The expected output is an exact copy of the lines from the one containing "Heritage Brass Charlbury" to the final line below, minus any pictures.
========================================
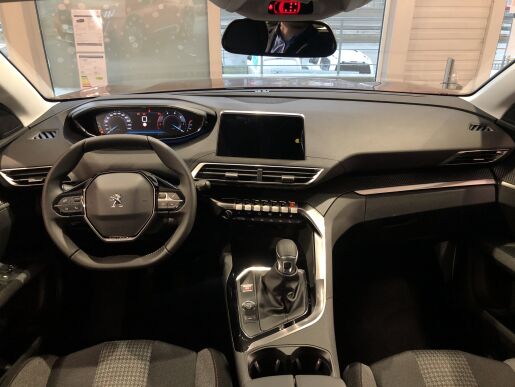Peugeot 5008 ACTIVE PACK 1.2 PureTech 130 S&S MAN6 - 5877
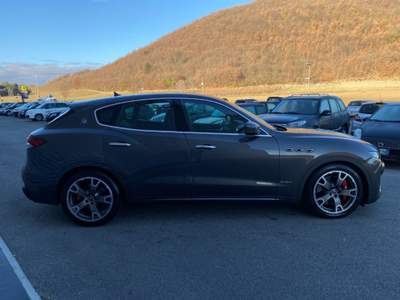 Maserati Levante V6 AWD GRANSPORT 350cv 4x4 IVA ESPOSTA Grigio usata Sant'Angelo in vado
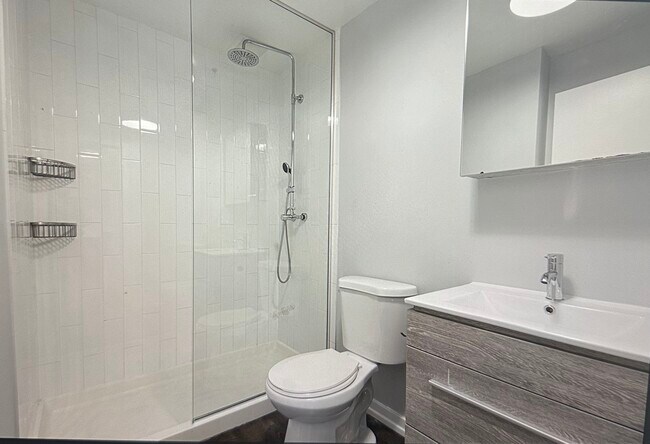 Photo - 5717 N Winthrop Ave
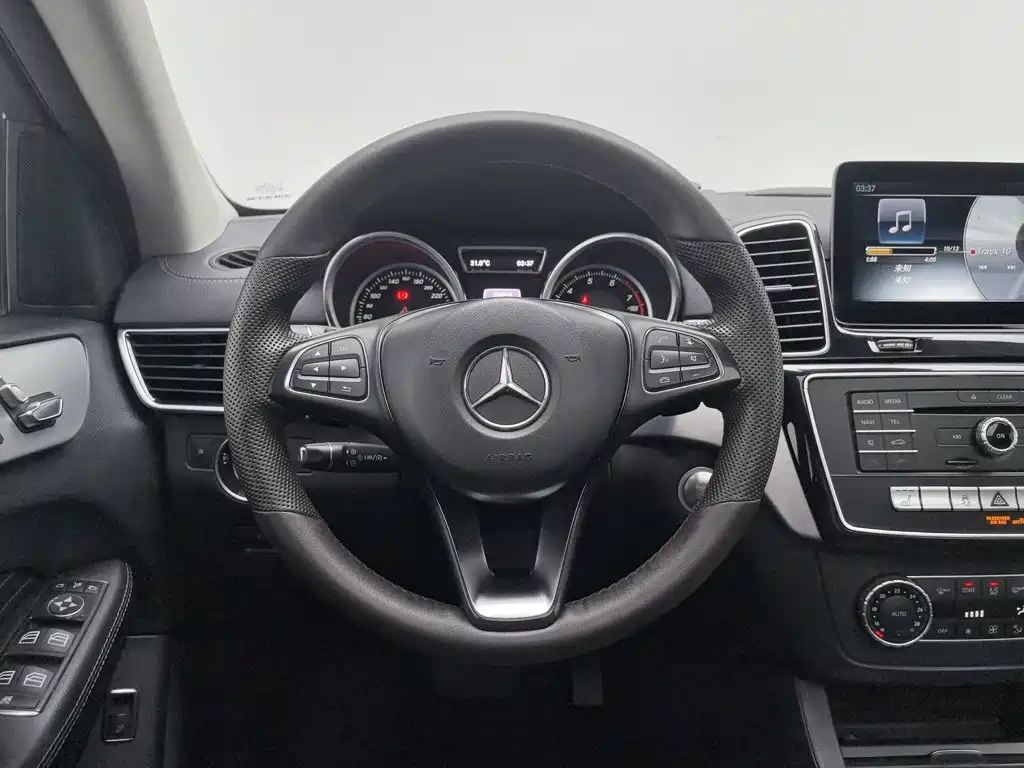 Mercedes-Benz GLE Coupe 2017 — фото 11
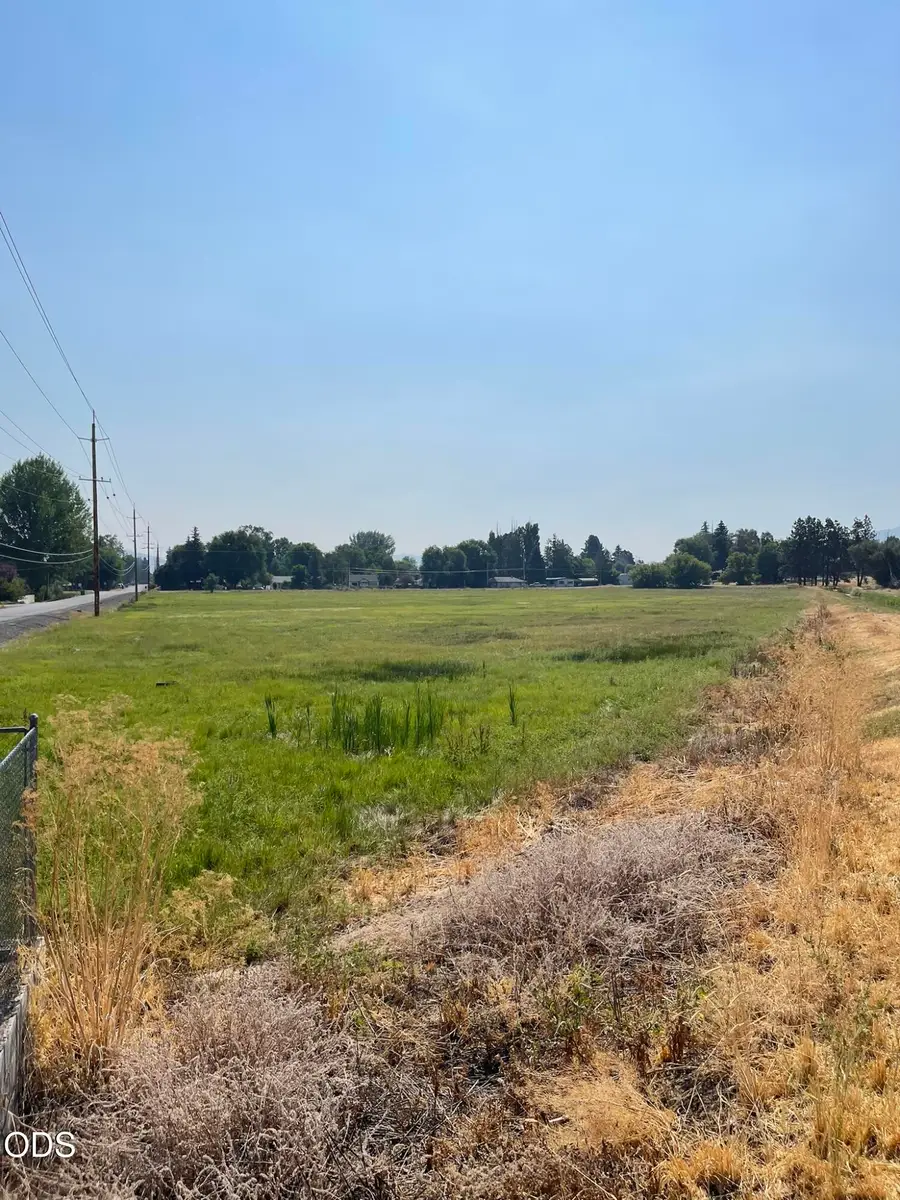Anderson Street #100 & 200, Klamath Falls, OR 97603 - #2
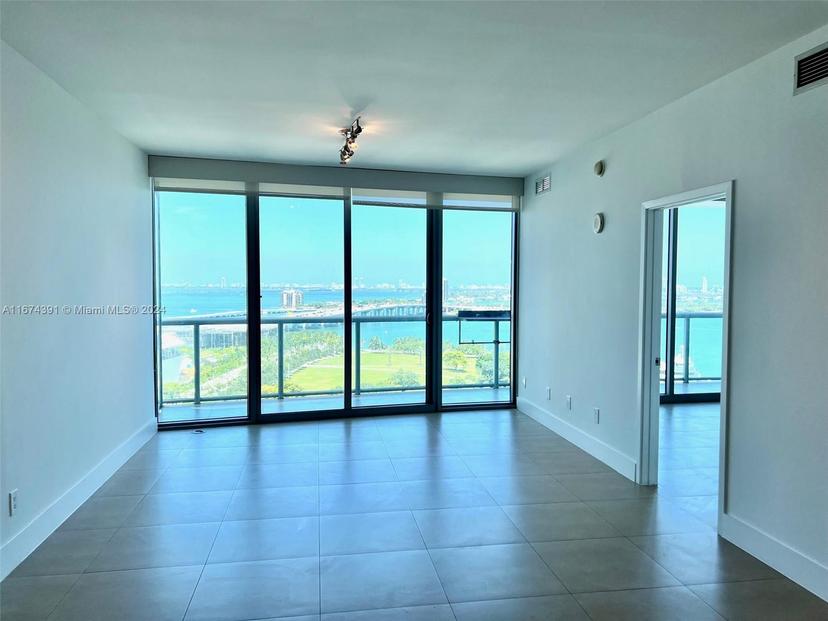 Picture of 888 Biscayne Blvd # 1811, Miami FL 33132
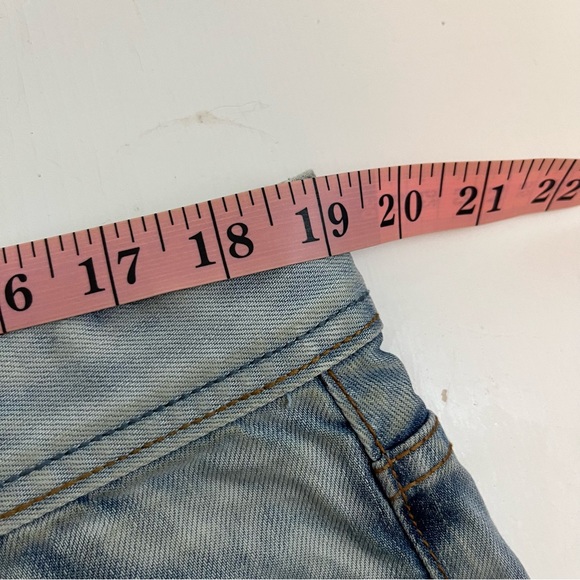 Akoo Brand Distressed Light Wash Straight Leg Jeans - Size 38 - Picture 2 of 7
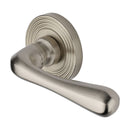 Heritage Brass Charlbury Reeded Door Handle on Round Rose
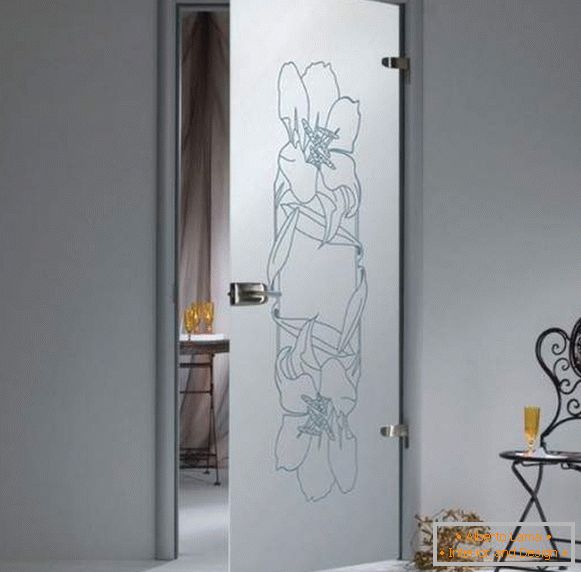 Стаклена врата са стакленим вратима у меду собама са цветним узорцима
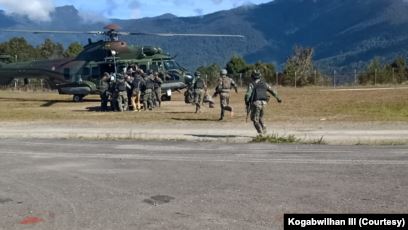 Proses evakuasi prajurit TNI Yonif Raider 400/BR yang ditembak Kelompok Separatis Bersenjata (KSB), Jumat, 22 Januari 2021. (Courtesy: Kogabwilhan III).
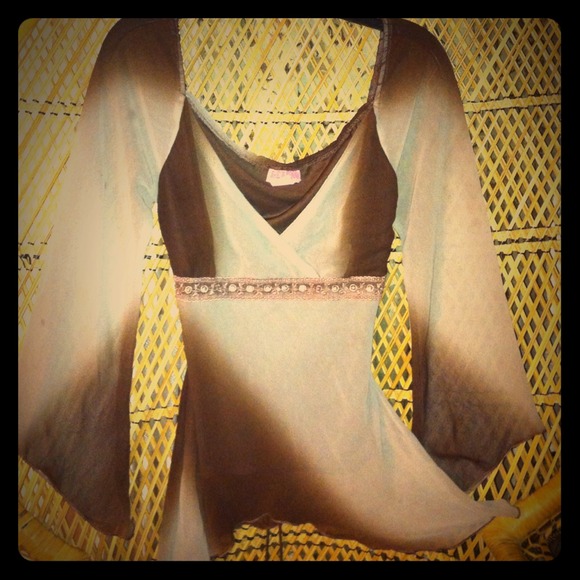 🚫BUNDLE FOR T3T🚫 SOLD Beautiful Top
========================================
Output of the task –
 Heritage Brass Charlbury Reeded Door Handle on Round Rose
 Стаклена врата са стакленим вратима у меду собама са цветним узорцима
 Proses evakuasi prajurit TNI Yonif Raider 400/BR yang ditembak Kelompok Separatis Bersenjata (KSB), Jumat, 22 Januari 2021. (Courtesy: Kogabwilhan III).
 🚫BUNDLE FOR T3T🚫 SOLD Beautiful Top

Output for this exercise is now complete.